SegFormer B2 Clothes Segmentation Model
Property | Value |
---|---|
Parameter Count | 27.4M |
License | MIT |
Framework | PyTorch/ONNX |
Paper | SegFormer Paper |
Mean Accuracy | 80% |
Mean IoU | 69% |
What is segformer_b2_clothes?
segformer_b2_clothes is a specialized semantic segmentation model based on the SegFormer architecture, fine-tuned specifically for clothes and human parsing. It's built on the efficient transformer-based SegFormer B2 backbone and trained on the ATR dataset to identify 18 different clothing and body part categories with high precision.
Implementation Details
The model leverages transformer architecture for efficient semantic segmentation, implementing a 27.4M parameter network that processes images through the SegFormer pipeline. It supports both PyTorch and ONNX frameworks, making it versatile for different deployment scenarios.
- Supports 18 distinct categories including clothing items, body parts, and accessories
- Achieves impressive accuracy metrics with 80% mean accuracy and 69% mean IoU
- Implements efficient image processing through SegformerImageProcessor
- Features F32 tensor type for precise predictions
Core Capabilities
- High-accuracy segmentation of clothing items (87% for upper clothes, 90% for pants)
- Precise human body part detection (92% accuracy for face detection)

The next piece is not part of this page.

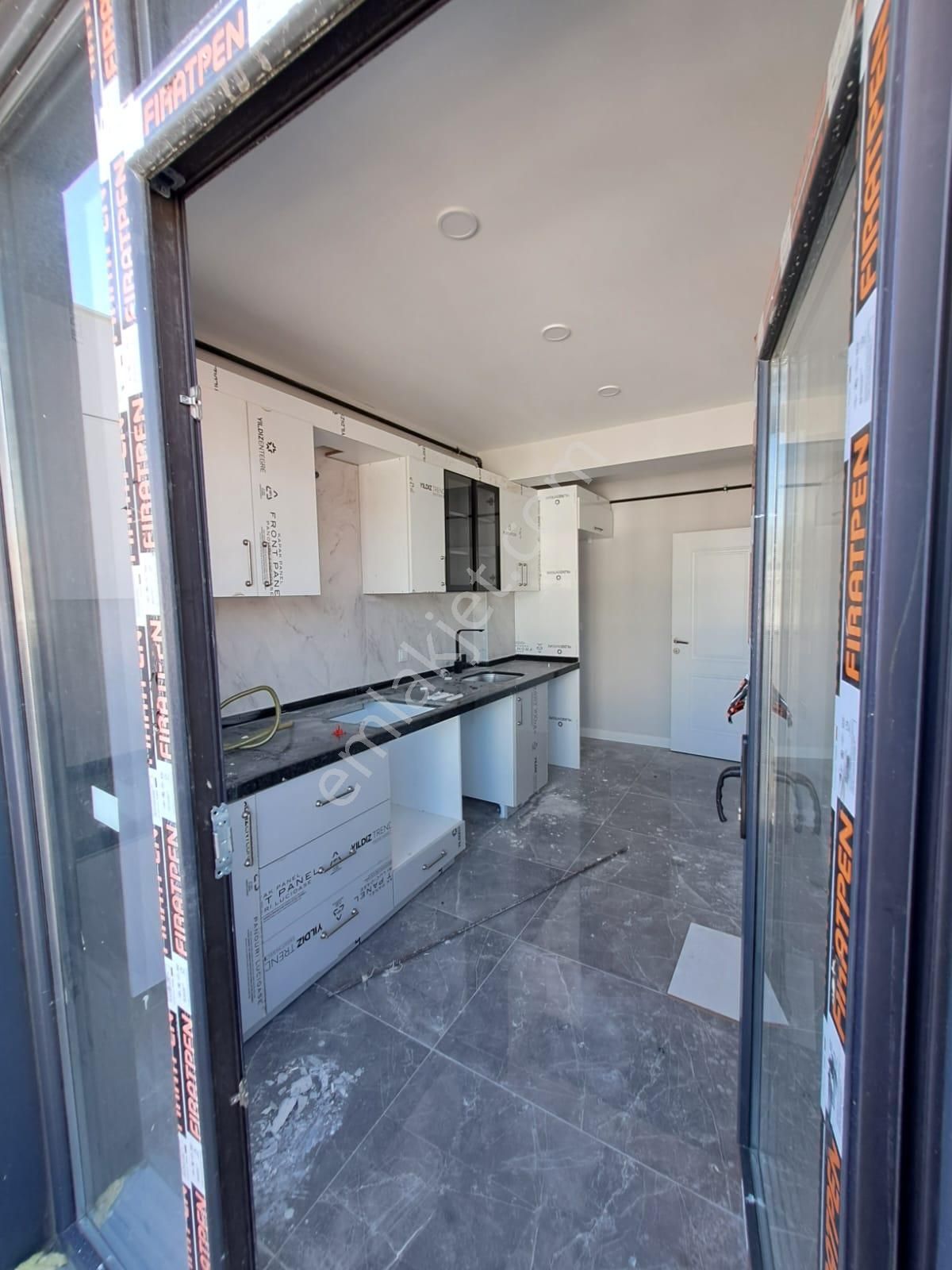 Halkalı Merkezde Satılık 2+1 Metro, Hastane Ve Okullara Yakın - Görsel 15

- Accessory recognition including bags (91% accuracy) and belts
- Real-time image processing capabilities
Frequently Asked Questions
Q: What makes this model unique?
This model uniquely combines the efficient SegFormer architecture with specialized training for clothing segmentation, achieving high accuracy across 18 different categories while maintaining reasonable computational requirements with just 27.4M parameters.
Q: What are the recommended use cases?
The model is ideal for e-commerce applications, virtual try-on systems, fashion analytics, and human parsing tasks. It's particularly effective for applications requiring detailed clothing item segmentation and body part detection.